Start of Information given

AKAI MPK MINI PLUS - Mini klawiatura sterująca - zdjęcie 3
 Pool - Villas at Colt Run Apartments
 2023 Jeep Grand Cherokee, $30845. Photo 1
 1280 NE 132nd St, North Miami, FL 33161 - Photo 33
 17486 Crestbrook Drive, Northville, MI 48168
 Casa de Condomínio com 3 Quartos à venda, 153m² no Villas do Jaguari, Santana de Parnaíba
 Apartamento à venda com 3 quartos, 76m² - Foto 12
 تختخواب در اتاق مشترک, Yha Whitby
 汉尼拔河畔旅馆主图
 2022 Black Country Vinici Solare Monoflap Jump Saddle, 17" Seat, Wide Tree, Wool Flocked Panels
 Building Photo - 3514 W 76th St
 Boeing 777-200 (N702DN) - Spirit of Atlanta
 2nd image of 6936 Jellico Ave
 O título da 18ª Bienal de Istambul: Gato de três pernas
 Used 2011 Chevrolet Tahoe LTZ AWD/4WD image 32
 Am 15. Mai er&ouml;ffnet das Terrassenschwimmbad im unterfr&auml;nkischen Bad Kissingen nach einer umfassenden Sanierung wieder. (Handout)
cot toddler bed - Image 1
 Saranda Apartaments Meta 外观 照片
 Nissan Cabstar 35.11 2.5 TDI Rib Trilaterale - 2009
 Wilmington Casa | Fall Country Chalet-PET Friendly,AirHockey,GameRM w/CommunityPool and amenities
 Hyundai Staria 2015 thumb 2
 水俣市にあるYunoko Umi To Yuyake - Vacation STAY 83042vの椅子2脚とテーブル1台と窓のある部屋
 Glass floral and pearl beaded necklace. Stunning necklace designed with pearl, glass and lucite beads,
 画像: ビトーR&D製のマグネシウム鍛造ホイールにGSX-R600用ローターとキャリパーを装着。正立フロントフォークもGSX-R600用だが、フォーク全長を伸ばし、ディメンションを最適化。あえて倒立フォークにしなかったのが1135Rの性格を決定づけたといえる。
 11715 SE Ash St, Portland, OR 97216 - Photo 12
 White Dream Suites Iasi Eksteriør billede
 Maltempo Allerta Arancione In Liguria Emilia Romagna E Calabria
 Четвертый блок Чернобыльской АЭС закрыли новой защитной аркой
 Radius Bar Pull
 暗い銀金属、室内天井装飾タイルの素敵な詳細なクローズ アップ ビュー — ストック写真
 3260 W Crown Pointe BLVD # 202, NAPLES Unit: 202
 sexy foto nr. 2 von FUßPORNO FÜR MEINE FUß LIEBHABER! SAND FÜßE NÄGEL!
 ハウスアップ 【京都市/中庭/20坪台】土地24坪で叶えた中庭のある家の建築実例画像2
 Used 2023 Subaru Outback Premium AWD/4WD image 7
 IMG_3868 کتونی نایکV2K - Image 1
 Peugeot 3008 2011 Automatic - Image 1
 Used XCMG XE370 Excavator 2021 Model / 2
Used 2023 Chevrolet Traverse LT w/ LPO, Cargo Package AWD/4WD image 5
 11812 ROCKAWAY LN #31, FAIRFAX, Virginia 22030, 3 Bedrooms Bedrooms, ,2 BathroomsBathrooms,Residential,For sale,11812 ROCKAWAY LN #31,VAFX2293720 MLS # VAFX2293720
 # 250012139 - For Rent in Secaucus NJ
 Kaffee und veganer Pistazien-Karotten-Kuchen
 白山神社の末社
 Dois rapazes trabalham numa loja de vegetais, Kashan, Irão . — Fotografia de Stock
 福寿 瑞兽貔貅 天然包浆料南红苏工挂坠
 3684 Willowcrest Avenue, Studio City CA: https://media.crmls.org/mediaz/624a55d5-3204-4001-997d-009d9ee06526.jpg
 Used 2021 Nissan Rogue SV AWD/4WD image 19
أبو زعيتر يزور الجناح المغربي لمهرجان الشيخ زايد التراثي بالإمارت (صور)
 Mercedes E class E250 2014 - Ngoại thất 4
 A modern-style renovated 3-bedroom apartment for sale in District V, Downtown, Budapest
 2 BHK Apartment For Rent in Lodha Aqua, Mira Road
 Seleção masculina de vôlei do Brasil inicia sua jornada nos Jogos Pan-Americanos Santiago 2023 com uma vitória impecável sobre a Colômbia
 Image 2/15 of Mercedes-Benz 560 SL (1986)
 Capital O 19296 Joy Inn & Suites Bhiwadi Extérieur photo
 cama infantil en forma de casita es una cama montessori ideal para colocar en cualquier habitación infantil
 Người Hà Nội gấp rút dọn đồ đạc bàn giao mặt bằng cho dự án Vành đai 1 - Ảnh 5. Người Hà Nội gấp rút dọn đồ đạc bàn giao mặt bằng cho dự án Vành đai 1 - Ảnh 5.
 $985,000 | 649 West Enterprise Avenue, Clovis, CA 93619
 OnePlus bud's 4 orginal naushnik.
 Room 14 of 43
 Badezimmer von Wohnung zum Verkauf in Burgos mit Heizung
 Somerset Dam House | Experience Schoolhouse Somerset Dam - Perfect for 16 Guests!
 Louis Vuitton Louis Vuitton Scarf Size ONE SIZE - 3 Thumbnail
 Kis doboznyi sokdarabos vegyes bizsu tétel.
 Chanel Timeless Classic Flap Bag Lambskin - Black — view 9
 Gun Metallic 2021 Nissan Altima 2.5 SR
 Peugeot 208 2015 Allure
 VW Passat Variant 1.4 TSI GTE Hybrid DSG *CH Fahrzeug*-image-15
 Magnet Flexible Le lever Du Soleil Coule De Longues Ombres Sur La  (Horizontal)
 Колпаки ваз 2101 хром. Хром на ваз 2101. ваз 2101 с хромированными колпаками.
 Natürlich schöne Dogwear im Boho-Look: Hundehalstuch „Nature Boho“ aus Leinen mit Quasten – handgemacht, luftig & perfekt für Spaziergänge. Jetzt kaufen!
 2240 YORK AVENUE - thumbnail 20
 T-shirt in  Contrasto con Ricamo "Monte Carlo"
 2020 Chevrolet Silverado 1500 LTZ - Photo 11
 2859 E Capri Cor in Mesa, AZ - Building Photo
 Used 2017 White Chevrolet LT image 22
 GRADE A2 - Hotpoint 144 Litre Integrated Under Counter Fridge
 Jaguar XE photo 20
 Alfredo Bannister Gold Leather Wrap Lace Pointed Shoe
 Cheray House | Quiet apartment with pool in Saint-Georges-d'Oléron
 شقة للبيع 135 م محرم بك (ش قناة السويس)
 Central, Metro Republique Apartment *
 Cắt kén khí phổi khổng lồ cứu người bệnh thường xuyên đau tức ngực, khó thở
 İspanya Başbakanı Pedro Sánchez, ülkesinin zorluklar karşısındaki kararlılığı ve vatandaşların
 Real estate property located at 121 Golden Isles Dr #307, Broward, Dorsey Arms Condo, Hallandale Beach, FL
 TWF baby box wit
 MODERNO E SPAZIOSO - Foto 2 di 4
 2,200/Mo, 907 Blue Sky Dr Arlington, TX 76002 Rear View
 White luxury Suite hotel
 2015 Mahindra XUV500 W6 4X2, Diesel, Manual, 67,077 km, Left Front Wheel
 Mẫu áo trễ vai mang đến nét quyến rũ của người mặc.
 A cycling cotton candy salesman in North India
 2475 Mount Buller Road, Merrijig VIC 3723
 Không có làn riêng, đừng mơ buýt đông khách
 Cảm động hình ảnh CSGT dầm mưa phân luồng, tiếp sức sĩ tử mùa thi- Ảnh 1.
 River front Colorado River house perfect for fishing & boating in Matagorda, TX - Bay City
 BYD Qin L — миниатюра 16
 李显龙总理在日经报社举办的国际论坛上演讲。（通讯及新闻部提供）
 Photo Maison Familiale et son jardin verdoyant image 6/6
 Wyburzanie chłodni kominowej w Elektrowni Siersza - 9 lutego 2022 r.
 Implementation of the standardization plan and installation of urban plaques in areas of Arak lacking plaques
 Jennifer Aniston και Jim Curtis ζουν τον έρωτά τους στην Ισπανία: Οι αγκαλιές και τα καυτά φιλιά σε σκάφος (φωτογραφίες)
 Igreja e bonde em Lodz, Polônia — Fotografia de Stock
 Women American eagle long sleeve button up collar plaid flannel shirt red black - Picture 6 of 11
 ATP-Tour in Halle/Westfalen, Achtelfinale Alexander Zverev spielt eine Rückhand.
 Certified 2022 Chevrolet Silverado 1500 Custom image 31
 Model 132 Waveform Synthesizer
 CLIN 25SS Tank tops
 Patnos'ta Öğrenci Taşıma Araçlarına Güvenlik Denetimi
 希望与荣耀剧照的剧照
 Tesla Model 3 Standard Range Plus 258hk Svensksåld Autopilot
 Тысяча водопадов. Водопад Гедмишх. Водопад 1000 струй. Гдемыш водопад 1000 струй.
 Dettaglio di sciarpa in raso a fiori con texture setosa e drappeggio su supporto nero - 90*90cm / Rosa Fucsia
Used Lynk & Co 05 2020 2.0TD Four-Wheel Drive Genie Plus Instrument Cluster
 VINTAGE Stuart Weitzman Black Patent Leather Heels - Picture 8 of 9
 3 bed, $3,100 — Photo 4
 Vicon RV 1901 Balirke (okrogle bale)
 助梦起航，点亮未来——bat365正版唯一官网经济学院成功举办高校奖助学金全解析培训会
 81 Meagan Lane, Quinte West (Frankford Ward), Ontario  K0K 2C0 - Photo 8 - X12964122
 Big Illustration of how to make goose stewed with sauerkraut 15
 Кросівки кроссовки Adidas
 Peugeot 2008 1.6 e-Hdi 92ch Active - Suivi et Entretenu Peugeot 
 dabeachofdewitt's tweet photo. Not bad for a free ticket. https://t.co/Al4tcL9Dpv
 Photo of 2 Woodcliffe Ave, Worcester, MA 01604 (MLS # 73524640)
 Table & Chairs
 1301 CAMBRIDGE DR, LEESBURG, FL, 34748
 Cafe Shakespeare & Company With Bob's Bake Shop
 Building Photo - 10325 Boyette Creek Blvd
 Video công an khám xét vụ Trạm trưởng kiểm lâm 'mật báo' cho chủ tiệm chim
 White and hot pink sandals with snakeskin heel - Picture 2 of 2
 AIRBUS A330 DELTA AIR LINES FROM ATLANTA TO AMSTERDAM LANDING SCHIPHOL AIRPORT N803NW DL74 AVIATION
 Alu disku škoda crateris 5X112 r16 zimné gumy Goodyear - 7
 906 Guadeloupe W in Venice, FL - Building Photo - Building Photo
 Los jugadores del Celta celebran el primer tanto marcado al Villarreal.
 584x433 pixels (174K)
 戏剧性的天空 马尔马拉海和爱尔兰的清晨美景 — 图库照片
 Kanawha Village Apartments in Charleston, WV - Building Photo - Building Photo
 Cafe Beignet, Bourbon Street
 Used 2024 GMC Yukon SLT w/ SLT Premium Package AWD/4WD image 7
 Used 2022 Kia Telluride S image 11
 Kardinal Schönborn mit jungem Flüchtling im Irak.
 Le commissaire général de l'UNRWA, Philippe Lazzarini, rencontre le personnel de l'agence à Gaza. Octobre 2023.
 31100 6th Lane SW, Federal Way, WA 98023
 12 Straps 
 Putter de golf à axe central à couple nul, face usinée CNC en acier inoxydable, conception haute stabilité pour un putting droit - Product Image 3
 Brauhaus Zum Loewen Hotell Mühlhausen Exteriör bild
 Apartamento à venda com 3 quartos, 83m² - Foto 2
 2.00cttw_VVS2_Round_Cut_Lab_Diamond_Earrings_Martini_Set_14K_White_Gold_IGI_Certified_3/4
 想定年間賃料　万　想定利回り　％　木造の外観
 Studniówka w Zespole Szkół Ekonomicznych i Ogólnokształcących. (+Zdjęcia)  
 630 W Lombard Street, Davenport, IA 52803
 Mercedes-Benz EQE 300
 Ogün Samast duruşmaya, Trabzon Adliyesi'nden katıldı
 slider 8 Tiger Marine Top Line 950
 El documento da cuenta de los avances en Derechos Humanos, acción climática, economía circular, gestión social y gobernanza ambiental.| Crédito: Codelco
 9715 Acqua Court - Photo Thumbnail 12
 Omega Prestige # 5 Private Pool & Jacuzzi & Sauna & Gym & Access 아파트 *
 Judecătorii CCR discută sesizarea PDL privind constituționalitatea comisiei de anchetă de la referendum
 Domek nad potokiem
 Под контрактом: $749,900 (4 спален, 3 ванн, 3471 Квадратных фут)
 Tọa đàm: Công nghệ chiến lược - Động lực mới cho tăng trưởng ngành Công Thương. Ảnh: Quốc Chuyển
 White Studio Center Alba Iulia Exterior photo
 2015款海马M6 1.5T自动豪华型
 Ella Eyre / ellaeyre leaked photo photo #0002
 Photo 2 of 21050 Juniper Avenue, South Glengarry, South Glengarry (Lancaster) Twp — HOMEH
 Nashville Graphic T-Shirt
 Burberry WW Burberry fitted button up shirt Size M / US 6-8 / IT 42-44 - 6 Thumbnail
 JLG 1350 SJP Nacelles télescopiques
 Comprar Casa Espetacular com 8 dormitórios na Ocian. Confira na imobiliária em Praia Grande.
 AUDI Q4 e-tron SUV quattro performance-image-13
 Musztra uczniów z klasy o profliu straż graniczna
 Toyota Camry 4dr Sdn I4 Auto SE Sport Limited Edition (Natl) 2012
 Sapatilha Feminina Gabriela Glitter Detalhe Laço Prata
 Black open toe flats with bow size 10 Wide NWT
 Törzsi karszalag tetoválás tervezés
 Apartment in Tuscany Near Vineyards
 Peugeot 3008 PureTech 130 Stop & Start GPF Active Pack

End of Information given

What you are asked to do: Write down again, exactly as given, only the lines above that fall from the line with "2023 Jeep Grand Cherokee, $30845. Photo 1" to the line with "Building Photo - 3514 W 76th St", inclusive.

Solution:
 2023 Jeep Grand Cherokee, $30845. Photo 1
 1280 NE 132nd St, North Miami, FL 33161 - Photo 33
 17486 Crestbrook Drive, Northville, MI 48168
 Casa de Condomínio com 3 Quartos à venda, 153m² no Villas do Jaguari, Santana de Parnaíba
 Apartamento à venda com 3 quartos, 76m² - Foto 12
 تختخواب در اتاق مشترک, Yha Whitby
 汉尼拔河畔旅馆主图
 2022 Black Country Vinici Solare Monoflap Jump Saddle, 17" Seat, Wide Tree, Wool Flocked Panels
 Building Photo - 3514 W 76th St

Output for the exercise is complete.